**What this task involves**
Repeat all the data word for word.

**Input for this task**
◆ ◆ ◆ ◆
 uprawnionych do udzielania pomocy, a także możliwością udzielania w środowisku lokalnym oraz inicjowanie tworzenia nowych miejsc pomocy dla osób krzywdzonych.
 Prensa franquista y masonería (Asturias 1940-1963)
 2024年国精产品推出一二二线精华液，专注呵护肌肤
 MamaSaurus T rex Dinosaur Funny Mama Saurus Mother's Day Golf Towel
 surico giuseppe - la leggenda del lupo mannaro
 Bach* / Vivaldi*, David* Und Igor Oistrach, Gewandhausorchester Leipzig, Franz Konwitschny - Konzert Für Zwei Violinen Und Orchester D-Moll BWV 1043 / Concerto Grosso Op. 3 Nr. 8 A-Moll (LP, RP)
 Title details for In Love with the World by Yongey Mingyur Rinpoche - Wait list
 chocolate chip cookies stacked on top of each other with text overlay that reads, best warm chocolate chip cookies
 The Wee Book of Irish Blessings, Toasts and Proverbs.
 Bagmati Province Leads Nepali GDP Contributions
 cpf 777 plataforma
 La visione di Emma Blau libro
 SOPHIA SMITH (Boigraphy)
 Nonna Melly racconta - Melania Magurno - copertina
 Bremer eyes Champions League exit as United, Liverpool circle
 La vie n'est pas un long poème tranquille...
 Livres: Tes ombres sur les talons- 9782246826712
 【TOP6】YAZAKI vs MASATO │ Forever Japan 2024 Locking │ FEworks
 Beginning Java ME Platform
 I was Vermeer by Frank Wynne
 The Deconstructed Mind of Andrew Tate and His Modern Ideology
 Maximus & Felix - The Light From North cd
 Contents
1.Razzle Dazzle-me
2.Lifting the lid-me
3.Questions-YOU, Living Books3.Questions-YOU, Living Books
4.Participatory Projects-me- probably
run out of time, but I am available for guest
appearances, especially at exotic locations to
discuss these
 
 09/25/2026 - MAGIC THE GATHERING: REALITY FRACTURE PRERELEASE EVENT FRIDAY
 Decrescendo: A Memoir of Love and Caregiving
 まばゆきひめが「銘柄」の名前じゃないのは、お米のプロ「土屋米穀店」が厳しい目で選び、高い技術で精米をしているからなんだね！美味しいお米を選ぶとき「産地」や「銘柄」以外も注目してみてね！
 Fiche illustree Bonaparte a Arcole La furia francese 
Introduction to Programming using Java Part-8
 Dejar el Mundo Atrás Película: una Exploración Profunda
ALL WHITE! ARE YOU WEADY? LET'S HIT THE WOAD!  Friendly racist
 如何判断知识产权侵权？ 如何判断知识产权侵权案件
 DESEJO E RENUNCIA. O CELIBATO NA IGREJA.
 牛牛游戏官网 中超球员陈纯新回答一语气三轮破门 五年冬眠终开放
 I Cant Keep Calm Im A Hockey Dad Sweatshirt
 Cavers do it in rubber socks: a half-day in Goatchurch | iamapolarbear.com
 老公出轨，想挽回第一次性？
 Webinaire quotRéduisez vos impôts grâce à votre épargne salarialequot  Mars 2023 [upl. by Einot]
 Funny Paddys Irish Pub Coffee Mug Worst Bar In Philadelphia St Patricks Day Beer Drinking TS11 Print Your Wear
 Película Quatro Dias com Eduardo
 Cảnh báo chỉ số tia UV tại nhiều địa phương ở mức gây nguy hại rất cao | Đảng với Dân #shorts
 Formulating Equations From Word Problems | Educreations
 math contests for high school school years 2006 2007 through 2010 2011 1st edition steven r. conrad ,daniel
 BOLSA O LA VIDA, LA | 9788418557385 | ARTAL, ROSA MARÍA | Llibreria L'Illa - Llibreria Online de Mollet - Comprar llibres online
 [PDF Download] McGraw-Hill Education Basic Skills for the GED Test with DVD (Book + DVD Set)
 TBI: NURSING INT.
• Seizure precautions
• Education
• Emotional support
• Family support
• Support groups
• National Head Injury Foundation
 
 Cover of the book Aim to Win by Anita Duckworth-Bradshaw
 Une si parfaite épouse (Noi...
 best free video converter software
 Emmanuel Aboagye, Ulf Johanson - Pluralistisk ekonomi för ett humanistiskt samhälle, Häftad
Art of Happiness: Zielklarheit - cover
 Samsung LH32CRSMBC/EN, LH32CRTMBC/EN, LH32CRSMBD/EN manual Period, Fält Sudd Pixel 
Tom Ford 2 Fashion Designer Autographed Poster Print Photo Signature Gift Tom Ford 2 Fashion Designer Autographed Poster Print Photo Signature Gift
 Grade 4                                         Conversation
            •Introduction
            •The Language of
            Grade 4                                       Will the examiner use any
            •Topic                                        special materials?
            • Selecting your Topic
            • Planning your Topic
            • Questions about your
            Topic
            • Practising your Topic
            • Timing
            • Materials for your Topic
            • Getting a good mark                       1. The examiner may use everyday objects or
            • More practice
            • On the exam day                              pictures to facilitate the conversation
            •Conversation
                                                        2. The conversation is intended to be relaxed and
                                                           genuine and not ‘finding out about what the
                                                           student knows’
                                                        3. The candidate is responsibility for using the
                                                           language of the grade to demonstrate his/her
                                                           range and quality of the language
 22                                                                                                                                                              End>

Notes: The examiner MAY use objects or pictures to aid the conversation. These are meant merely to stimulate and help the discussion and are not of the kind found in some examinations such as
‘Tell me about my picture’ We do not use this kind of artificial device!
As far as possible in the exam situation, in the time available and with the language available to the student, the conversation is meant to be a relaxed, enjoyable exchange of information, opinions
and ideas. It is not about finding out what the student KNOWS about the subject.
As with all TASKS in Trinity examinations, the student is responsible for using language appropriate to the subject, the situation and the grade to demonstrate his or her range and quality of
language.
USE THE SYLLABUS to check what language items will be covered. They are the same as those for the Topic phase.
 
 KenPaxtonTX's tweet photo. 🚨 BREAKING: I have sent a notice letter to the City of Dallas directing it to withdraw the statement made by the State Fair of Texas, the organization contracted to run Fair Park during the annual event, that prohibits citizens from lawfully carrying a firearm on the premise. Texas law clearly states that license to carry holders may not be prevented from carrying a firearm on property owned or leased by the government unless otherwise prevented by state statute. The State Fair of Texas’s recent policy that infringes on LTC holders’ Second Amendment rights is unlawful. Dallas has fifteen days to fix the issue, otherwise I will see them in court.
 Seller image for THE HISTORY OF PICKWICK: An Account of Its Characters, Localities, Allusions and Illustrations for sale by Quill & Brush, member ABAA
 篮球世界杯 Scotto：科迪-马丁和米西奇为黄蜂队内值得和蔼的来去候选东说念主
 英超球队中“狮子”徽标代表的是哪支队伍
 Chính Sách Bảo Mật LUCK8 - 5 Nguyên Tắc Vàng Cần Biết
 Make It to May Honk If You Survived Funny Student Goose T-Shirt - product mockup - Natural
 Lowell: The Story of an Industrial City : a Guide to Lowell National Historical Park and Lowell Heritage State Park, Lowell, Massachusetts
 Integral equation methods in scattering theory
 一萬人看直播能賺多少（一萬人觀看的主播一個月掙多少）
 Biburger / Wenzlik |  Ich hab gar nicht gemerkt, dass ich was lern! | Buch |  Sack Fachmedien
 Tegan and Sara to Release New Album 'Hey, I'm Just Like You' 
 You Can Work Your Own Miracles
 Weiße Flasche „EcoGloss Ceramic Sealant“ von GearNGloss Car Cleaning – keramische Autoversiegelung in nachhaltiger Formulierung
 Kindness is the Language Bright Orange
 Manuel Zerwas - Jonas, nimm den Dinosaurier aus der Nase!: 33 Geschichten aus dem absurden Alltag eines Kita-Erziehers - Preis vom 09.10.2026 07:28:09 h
◆ ◆ ◆ ◆
**Worked solution**
 uprawnionych do udzielania pomocy, a także możliwością udzielania w środowisku lokalnym oraz inicjowanie tworzenia nowych miejsc pomocy dla osób krzywdzonych.
 Prensa franquista y masonería (Asturias 1940-1963)
 2024年国精产品推出一二二线精华液，专注呵护肌肤
 MamaSaurus T rex Dinosaur Funny Mama Saurus Mother's Day Golf Towel
 surico giuseppe - la leggenda del lupo mannaro
 Bach* / Vivaldi*, David* Und Igor Oistrach, Gewandhausorchester Leipzig, Franz Konwitschny - Konzert Für Zwei Violinen Und Orchester D-Moll BWV 1043 / Concerto Grosso Op. 3 Nr. 8 A-Moll (LP, RP)
 Title details for In Love with the World by Yongey Mingyur Rinpoche - Wait list
 chocolate chip cookies stacked on top of each other with text overlay that reads, best warm chocolate chip cookies
 The Wee Book of Irish Blessings, Toasts and Proverbs.
 Bagmati Province Leads Nepali GDP Contributions
 cpf 777 plataforma
 La visione di Emma Blau libro
 SOPHIA SMITH (Boigraphy)
 Nonna Melly racconta - Melania Magurno - copertina
 Bremer eyes Champions League exit as United, Liverpool circle
 La vie n'est pas un long poème tranquille...
 Livres: Tes ombres sur les talons- 9782246826712
 【TOP6】YAZAKI vs MASATO │ Forever Japan 2024 Locking │ FEworks
 Beginning Java ME Platform
 I was Vermeer by Frank Wynne
 The Deconstructed Mind of Andrew Tate and His Modern Ideology
 Maximus & Felix - The Light From North cd
 Contents
1.Razzle Dazzle-me
2.Lifting the lid-me
3.Questions-YOU, Living Books3.Questions-YOU, Living Books
4.Participatory Projects-me- probably
run out of time, but I am available for guest
appearances, especially at exotic locations to
discuss these
 
 09/25/2026 - MAGIC THE GATHERING: REALITY FRACTURE PRERELEASE EVENT FRIDAY
 Decrescendo: A Memoir of Love and Caregiving
 まばゆきひめが「銘柄」の名前じゃないのは、お米のプロ「土屋米穀店」が厳しい目で選び、高い技術で精米をしているからなんだね！美味しいお米を選ぶとき「産地」や「銘柄」以外も注目してみてね！
 Fiche illustree Bonaparte a Arcole La furia francese 
Introduction to Programming using Java Part-8
 Dejar el Mundo Atrás Película: una Exploración Profunda
ALL WHITE! ARE YOU WEADY? LET'S HIT THE WOAD!  Friendly racist
 如何判断知识产权侵权？ 如何判断知识产权侵权案件
 DESEJO E RENUNCIA. O CELIBATO NA IGREJA.
 牛牛游戏官网 中超球员陈纯新回答一语气三轮破门 五年冬眠终开放
 I Cant Keep Calm Im A Hockey Dad Sweatshirt
 Cavers do it in rubber socks: a half-day in Goatchurch | iamapolarbear.com
 老公出轨，想挽回第一次性？
 Webinaire quotRéduisez vos impôts grâce à votre épargne salarialequot  Mars 2023 [upl. by Einot]
 Funny Paddys Irish Pub Coffee Mug Worst Bar In Philadelphia St Patricks Day Beer Drinking TS11 Print Your Wear
 Película Quatro Dias com Eduardo
 Cảnh báo chỉ số tia UV tại nhiều địa phương ở mức gây nguy hại rất cao | Đảng với Dân #shorts
 Formulating Equations From Word Problems | Educreations
 math contests for high school school years 2006 2007 through 2010 2011 1st edition steven r. conrad ,daniel
 BOLSA O LA VIDA, LA | 9788418557385 | ARTAL, ROSA MARÍA | Llibreria L'Illa - Llibreria Online de Mollet - Comprar llibres online
 [PDF Download] McGraw-Hill Education Basic Skills for the GED Test with DVD (Book + DVD Set)
 TBI: NURSING INT.
• Seizure precautions
• Education
• Emotional support
• Family support
• Support groups
• National Head Injury Foundation
 
 Cover of the book Aim to Win by Anita Duckworth-Bradshaw
 Une si parfaite épouse (Noi...
 best free video converter software
 Emmanuel Aboagye, Ulf Johanson - Pluralistisk ekonomi för ett humanistiskt samhälle, Häftad
Art of Happiness: Zielklarheit - cover
 Samsung LH32CRSMBC/EN, LH32CRTMBC/EN, LH32CRSMBD/EN manual Period, Fält Sudd Pixel 
Tom Ford 2 Fashion Designer Autographed Poster Print Photo Signature Gift Tom Ford 2 Fashion Designer Autographed Poster Print Photo Signature Gift
 Grade 4                                         Conversation
            •Introduction
            •The Language of
            Grade 4                                       Will the examiner use any
            •Topic                                        special materials?
            • Selecting your Topic
            • Planning your Topic
            • Questions about your
            Topic
            • Practising your Topic
            • Timing
            • Materials for your Topic
            • Getting a good mark                       1. The examiner may use everyday objects or
            • More practice
            • On the exam day                              pictures to facilitate the conversation
            •Conversation
                                                        2. The conversation is intended to be relaxed and
                                                           genuine and not ‘finding out about what the
                                                           student knows’
                                                        3. The candidate is responsibility for using the
                                                           language of the grade to demonstrate his/her
                                                           range and quality of the language
 22                                                                                                                                                              End>

Notes: The examiner MAY use objects or pictures to aid the conversation. These are meant merely to stimulate and help the discussion and are not of the kind found in some examinations such as
‘Tell me about my picture’ We do not use this kind of artificial device!
As far as possible in the exam situation, in the time available and with the language available to the student, the conversation is meant to be a relaxed, enjoyable exchange of information, opinions
and ideas. It is not about finding out what the student KNOWS about the subject.
As with all TASKS in Trinity examinations, the student is responsible for using language appropriate to the subject, the situation and the grade to demonstrate his or her range and quality of
language.
USE THE SYLLABUS to check what language items will be covered. They are the same as those for the Topic phase.
 
 KenPaxtonTX's tweet photo. 🚨 BREAKING: I have sent a notice letter to the City of Dallas directing it to withdraw the statement made by the State Fair of Texas, the organization contracted to run Fair Park during the annual event, that prohibits citizens from lawfully carrying a firearm on the premise. Texas law clearly states that license to carry holders may not be prevented from carrying a firearm on property owned or leased by the government unless otherwise prevented by state statute. The State Fair of Texas’s recent policy that infringes on LTC holders’ Second Amendment rights is unlawful. Dallas has fifteen days to fix the issue, otherwise I will see them in court.
 Seller image for THE HISTORY OF PICKWICK: An Account of Its Characters, Localities, Allusions and Illustrations for sale by Quill & Brush, member ABAA
 篮球世界杯 Scotto：科迪-马丁和米西奇为黄蜂队内值得和蔼的来去候选东说念主
 英超球队中“狮子”徽标代表的是哪支队伍
 Chính Sách Bảo Mật LUCK8 - 5 Nguyên Tắc Vàng Cần Biết
 Make It to May Honk If You Survived Funny Student Goose T-Shirt - product mockup - Natural
 Lowell: The Story of an Industrial City : a Guide to Lowell National Historical Park and Lowell Heritage State Park, Lowell, Massachusetts
 Integral equation methods in scattering theory
 一萬人看直播能賺多少（一萬人觀看的主播一個月掙多少）
 Biburger / Wenzlik |  Ich hab gar nicht gemerkt, dass ich was lern! | Buch |  Sack Fachmedien
 Tegan and Sara to Release New Album 'Hey, I'm Just Like You' 
 You Can Work Your Own Miracles
 Weiße Flasche „EcoGloss Ceramic Sealant“ von GearNGloss Car Cleaning – keramische Autoversiegelung in nachhaltiger Formulierung
 Kindness is the Language Bright Orange
 Manuel Zerwas - Jonas, nimm den Dinosaurier aus der Nase!: 33 Geschichten aus dem absurden Alltag eines Kita-Erziehers - Preis vom 09.10.2026 07:28:09 h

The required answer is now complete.